Cellulose solutions in the nematic phase are formed in an ammonia/ammonium thiocyanate solvent essentially immediately after dissolution of the cellulose. This can be done by proper selection of the cellulose concentration and solvent composition and without the need of an outside stimulus, such as from a magnetic field or from shear or flow conditions. The cellulose solution is stable, as evidenced by the absence of a significant change in specific rotation and in turbidity over a two week observation period. Fibers extruded from the nematic phase solution possess values of modulus greater than rayon and near the lower range of values shown by Fortisan®.

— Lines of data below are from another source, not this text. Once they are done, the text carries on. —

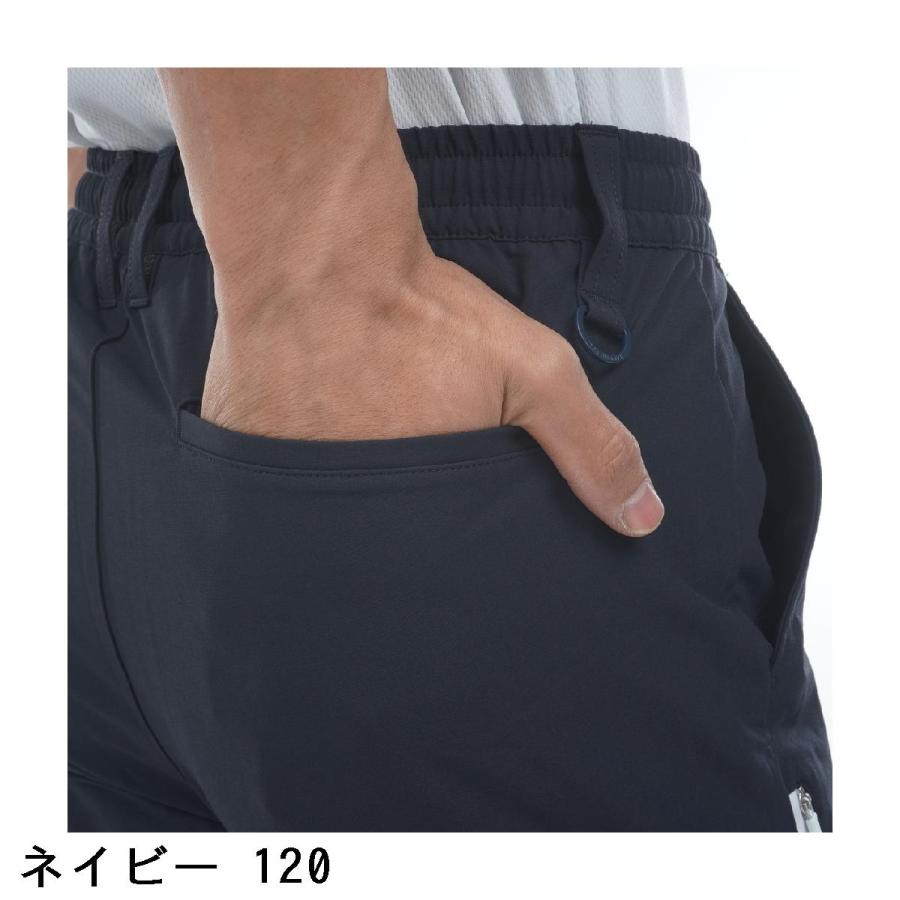 Jack Bunny!!（ジャックバニー） 二重織ドビーテーパードパンツ : GDO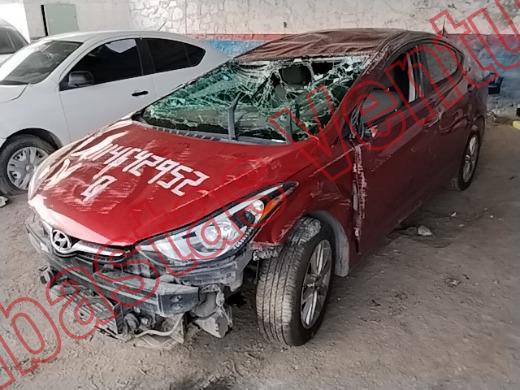 HYUNDAI ELANTRA 2016, foto 1 de 19
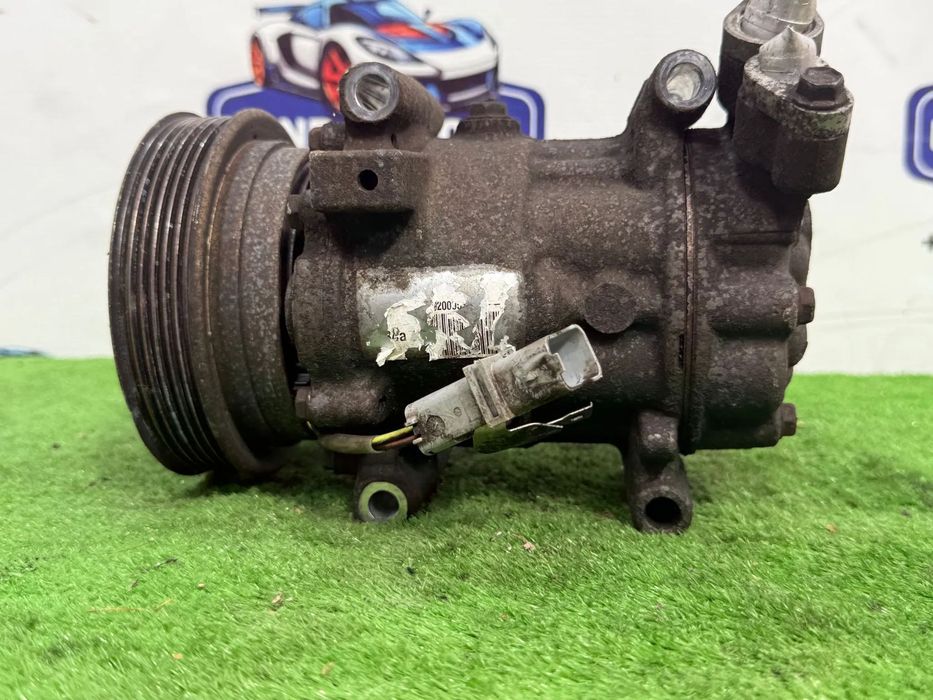 COMPRESOR AC MERCEDES BENZ CITAN W415 2016 1.5 DIESEL COD OEM A4158300100 2012-2021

Thus, the present invention, in one of its aspects, provides a lyotropic mesophase solution of cellulose which exhibits the nematic phase in the absence of external stimulus. In another aspect, the present invention provides a lyotropic mesophase solution of cellulose in an ammonia/ammonium thiocyanate solvent. The present invention also provides cellulose fibers and films produced from such mesophase solutions. In still another aspect, the present invention provides a process for forming a lyotropic cellulose mesophase solution, as well as processes for forming fibers and films therefrom. While the ammonia/ammonium thiocyanate solvent is the preferred solvent system for forming cellulose mesophase solutions in accordance with the present invention and for producing fibers and films therefrom, it is contemplated that other solvent systems can also be suitably employed.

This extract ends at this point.